Wednesday, January 23, 2013

Comic book writer wants to make epilepsy cool in his time-travel fantasy, Sacrifice

From USA Today. In the picture, "Sacrifice" writer Sam Humphries uses a double-page spread of odd colors and imagery to depict what it's like to feel an epileptic seizure.

According to Sam Humphries, there's absolutely nothing cool about having epilepsy. He's trying to change that with his time-travel fantasy, Sacrifice.
 
Written by Humphries and drawn by Dalton Rose, the self-published comic-book series takes a modern-day man and Joy Division devotee with the same neurological disorder as Humphries and, by way of epileptic seizure, plunges him into the past more than 700 years to the era of something else that's personal to Humphries: the ancient Aztec civilization.

"What people know about the Aztecs these days is either woefully inaccurate, if they know anything at all, or it's just disparaging," Humphries says. "There are a lot of old preconceptions about the Aztecs that go back to self-serving stories of the Spanish and the colonial Europeans that have survived for centuries. That's the only reason why in the past few decades have we done a broader cultural understanding of the Aztecs than we were.

"The sad part is the old story, the prejudiced story, isn't that interesting. The
 true story is extremely fascinating. So I really wanted to get that across in a popular format."

Nearly a year after the release of the third issue, Sacrifice No. 4 arrives in comic shops and online Wednesday — the hiatus gave Humphries and Rose a chance to finish up the rest of the six-issue miniseries and also get all their other jobs in order. Known in the indie-comics world for his hit Our Love Is Real, Humphries had a huge 2012 in the mainstream, penning Ultimate Comic: Ultimates and John Carter: The Gods of Mars for Marvel Comics as well as Higher Earth for Boom! Studios.

In Sacrifice, Humphries' main character, Hector, has a seizure in the parking lot of a San Diego fast-food restaurant and, courtesy of a visually surreal experience, is transported to 16th-century Mexico and discovers the Aztec world firsthand.

Issue 4 continues Hector's journey as he is caught in the middle of an Aztec war, casts him in a new role as he gets used to his odd surroundings, and brings in the "butterfly effect" a smidge.

Knowing of history and how the Spanish conquistadors conquered the Aztecs, Hector moves to keep that from happening, although certain Aztec figures figure out that he's operating with a different knowledge base from their own and understand the consequences of messing with the future.

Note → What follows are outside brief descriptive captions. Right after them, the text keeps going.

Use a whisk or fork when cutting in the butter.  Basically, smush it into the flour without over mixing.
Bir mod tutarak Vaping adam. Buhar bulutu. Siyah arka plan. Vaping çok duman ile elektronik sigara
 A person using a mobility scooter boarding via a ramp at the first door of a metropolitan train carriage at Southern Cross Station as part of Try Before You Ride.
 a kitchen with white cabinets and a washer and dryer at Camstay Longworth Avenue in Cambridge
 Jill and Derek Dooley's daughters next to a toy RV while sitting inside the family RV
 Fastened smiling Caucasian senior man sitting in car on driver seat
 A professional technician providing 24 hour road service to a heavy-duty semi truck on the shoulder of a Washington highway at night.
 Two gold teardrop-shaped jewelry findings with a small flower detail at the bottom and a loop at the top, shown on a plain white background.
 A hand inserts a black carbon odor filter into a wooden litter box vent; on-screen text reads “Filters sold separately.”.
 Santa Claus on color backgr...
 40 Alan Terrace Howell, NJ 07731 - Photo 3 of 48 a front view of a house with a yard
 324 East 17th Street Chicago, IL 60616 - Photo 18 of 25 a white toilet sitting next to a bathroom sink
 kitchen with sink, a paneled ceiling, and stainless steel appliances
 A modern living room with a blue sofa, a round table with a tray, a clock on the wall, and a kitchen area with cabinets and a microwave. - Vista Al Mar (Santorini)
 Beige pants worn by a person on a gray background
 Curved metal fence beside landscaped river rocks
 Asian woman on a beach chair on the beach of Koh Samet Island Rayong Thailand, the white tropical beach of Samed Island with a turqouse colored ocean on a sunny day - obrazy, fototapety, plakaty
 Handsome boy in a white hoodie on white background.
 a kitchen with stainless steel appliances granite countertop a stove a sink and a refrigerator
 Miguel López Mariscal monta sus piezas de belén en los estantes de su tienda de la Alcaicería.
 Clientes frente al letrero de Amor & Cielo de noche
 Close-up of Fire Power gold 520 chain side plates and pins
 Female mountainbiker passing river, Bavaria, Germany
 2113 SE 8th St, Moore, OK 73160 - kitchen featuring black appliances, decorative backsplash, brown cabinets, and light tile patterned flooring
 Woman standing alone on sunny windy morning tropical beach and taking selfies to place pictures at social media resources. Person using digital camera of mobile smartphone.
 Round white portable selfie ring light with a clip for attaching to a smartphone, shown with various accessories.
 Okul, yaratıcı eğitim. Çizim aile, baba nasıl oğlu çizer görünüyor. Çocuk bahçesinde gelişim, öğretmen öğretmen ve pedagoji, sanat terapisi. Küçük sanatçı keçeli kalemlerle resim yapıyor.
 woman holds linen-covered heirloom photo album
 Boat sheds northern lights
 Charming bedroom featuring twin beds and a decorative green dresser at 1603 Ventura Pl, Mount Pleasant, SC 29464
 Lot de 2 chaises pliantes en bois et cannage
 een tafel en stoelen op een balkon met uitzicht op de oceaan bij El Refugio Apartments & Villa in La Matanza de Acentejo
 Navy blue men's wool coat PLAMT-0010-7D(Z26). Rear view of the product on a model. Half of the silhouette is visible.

"The Aztecs were fascinated with time — a lot of their science is built on time, a lot of the religion and philosophy had to do with the nature of time, in a much more sophisticated way than the whole end of the Mayan calendar," Humphries says.

"To an Aztec, the idea of changing history and playing with time in a way that'd be considered cavalier would be anathema to their culture and beliefs."

Fans often ask him how much research he did on Aztec society and culture for Sacrifice, but it's actually his love and ongoing obsession for them that spawned the book in the first place.

Humphries began his fascination randomly about 10 years ago, he says. His gateway in was the "gradually dawning notion" that the Aztecs were a complete and advanced people that flourished without having any contact with the civilizations of Europe and Asia that influenced our own global culture today.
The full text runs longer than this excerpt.